At Barton, we utilize our experience with the flows of information in business and professional settings to assist clients in understanding and complying with the various laws and standards that regulate the collection, use, sharing, and protection of personal data. We work with our clients to facilitate their implementation of current legal and regulatory standards and best practices when it comes to records management and information governance.
We assist our clients with fulfilling pertinent U.S. federal and state privacy and information management requirements and international data protection laws, including the security and data safeguard requirements of all countries in which the client does business or has facilities. In light of the EU’S recently effective General Data Protection Regulation (GDPR), which impacts most U.S. organizations, and the growing number of U.S. state privacy and cybersecurity laws and regulations, it is crucial for businesses dealing with sensitive and protected data to become and remain compliant with these new laws, regulations, and industry best practices.
Barton attorneys conduct compliance, risk, and management assessment audits, including preparation of data flow maps; create legal and regulatory frameworks for defensible policies and information security procedures; and prepare and deliver training materials to be used in conjunction with workforce training on privacy and information security protocols. In addition, our privacy and cybersecurity team can vet technical vendors (including IT forensics and related experts) and can negotiate and draft service agreements with customers, vendors, and other business partners who access and use protected data. The team can also, across a wide spectrum of industry verticals, prepare privacy and cybersecurity law due diligence questions for acquirers and prepare responses to such questions on behalf of target organizations.

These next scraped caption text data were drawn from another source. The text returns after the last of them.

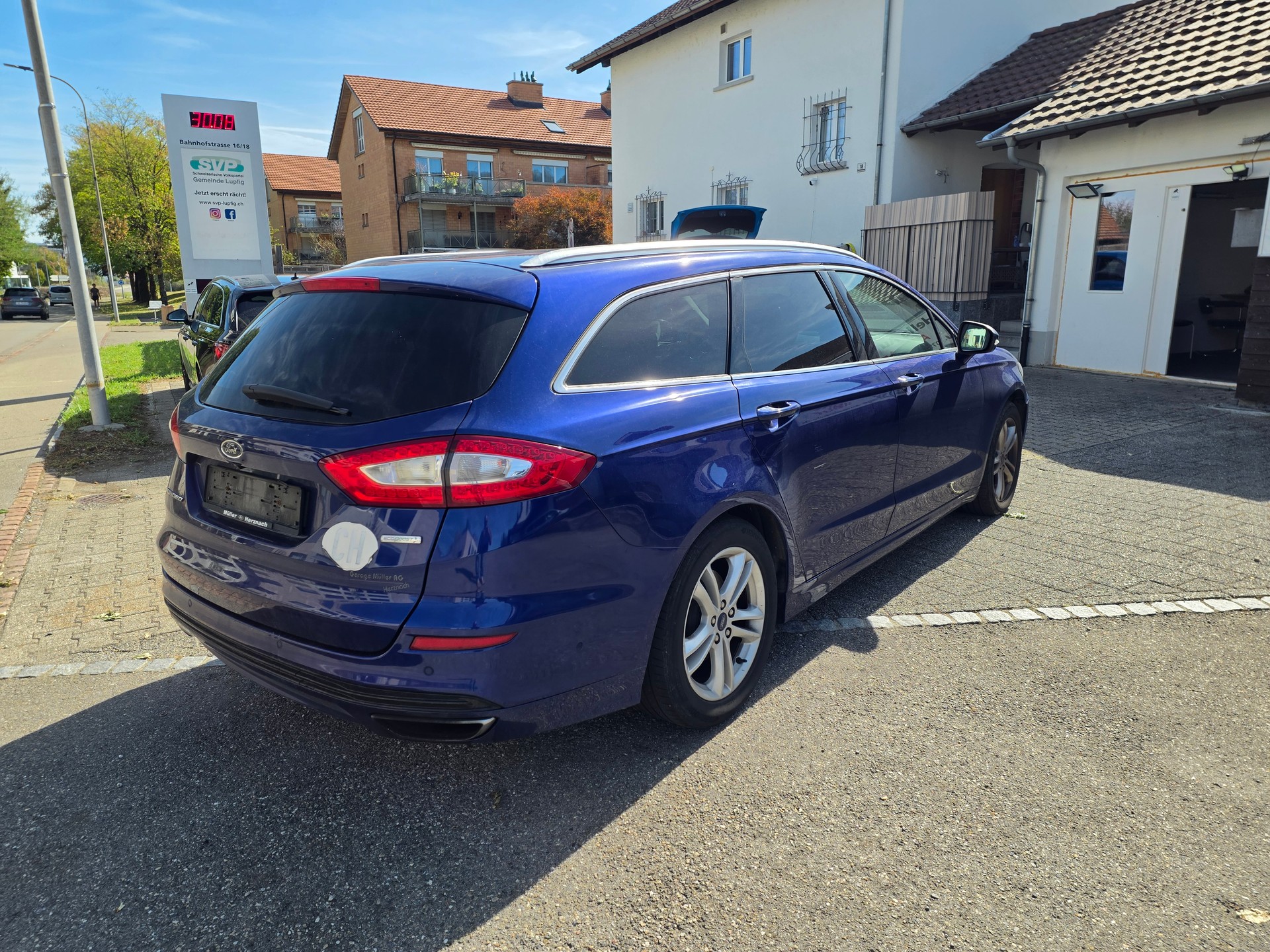 FORD Mondeo 2.0 EcoBoost SCTi Titanium Automatic-image-3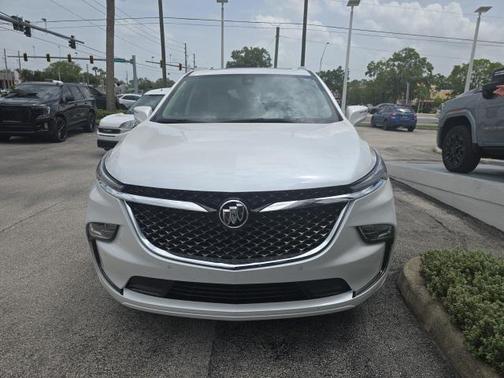 2022 Buick Enclave FWD Avenir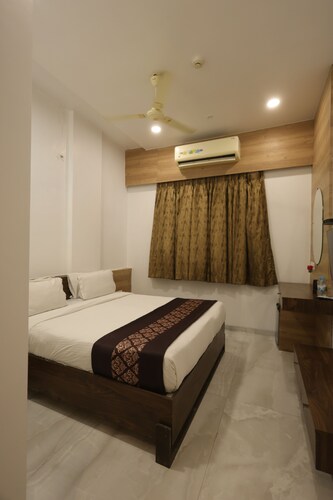 Elegant Gold Hotel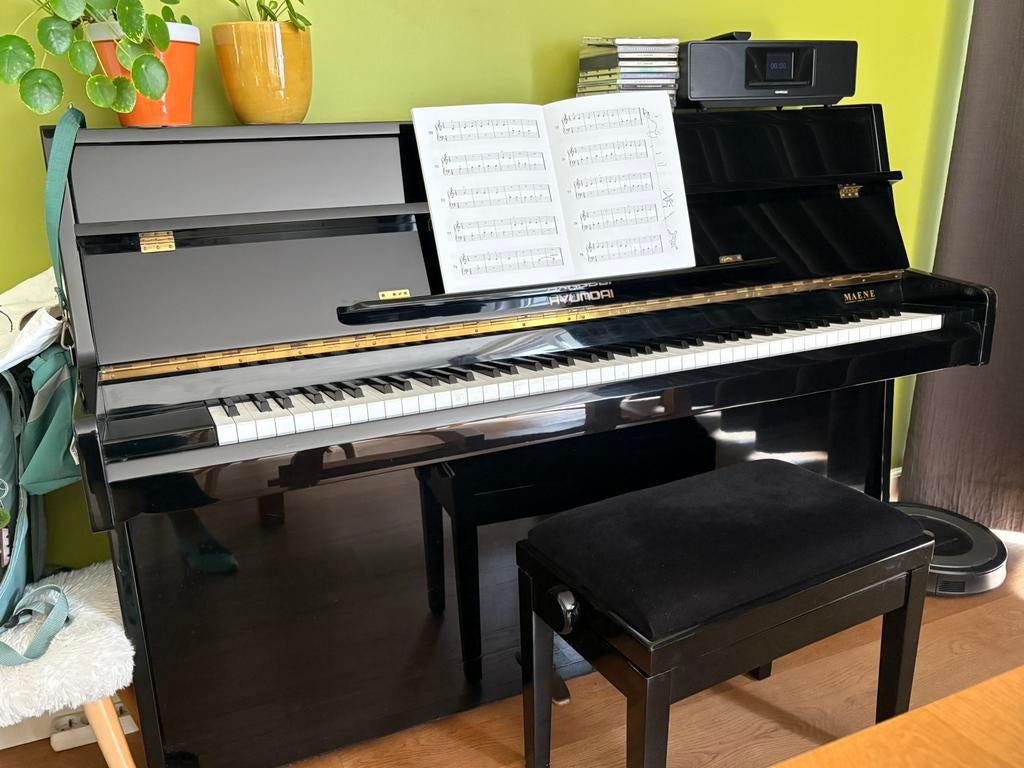 Piano buffetpiano Hyundai U810, Brillant, Enlèvement, Utilisé, Piano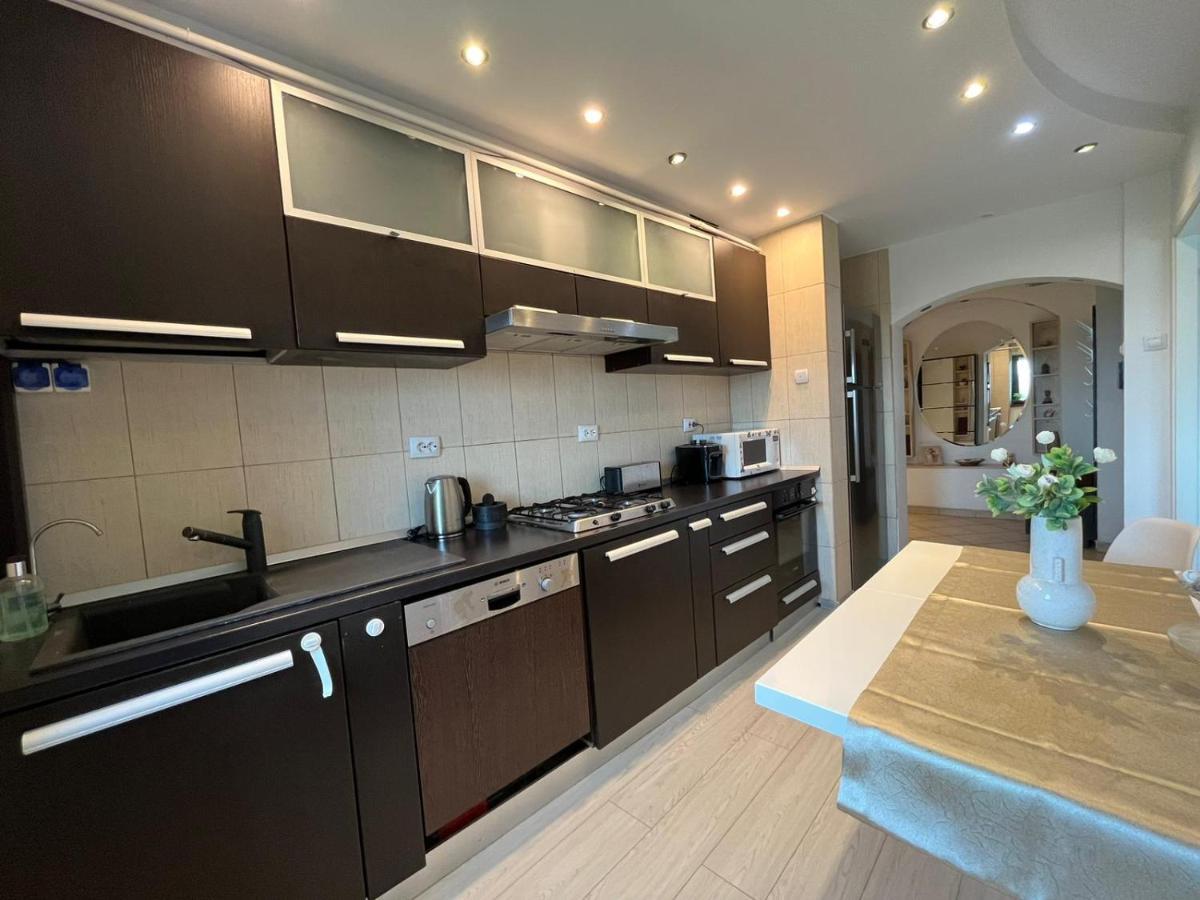 City Center Privat-Sauna Familyconcept 雅西 外观 照片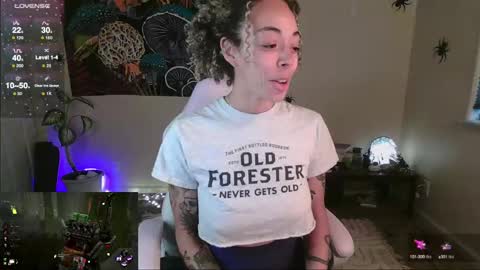 Snapshot of gunzinrose chatting on 12/16/24, 11:39 Kylie online show from 12/16/24, 11:39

Barton attorneys have also advised the New Jersey State Assembly on privacy and cybersecurity legislation and have testified before legislative committees as experts in privacy and cybersecurity. In addition, one of our attorneys created a law school course on privacy, cybersecurity, and technology transactions and teaches that course as an Adjunct Professor of Law at Fordham Law School.
In the event that a data breach does occur, Barton will immediately connect clients to a team member who will assess the crisis and implement the proper measures, assemble the appropriate team of professionals to handle the situation, and begin the process of remediation. Our cybersecurity team can identify theft prevention, breach response, mitigation, and notification requirements for the states and countries whose laws and regulations apply to a data/security breach. Barton attorneys have had success defending actions and regulatory proceedings brought against clients as a result of breaches and unlawful disclosures of protected information, including those brought under U.S. laws such as the Computer Fraud and Abuse Act, the Defend Trade Secrets Act, the Electronic Communications Privacy Act, and HIPAA, as well as individual state and local consumer protection laws and regulations of agencies such as the Financial Industry Regulatory Authority (FINRA) and the New York Department of Financial Services (NYDFS).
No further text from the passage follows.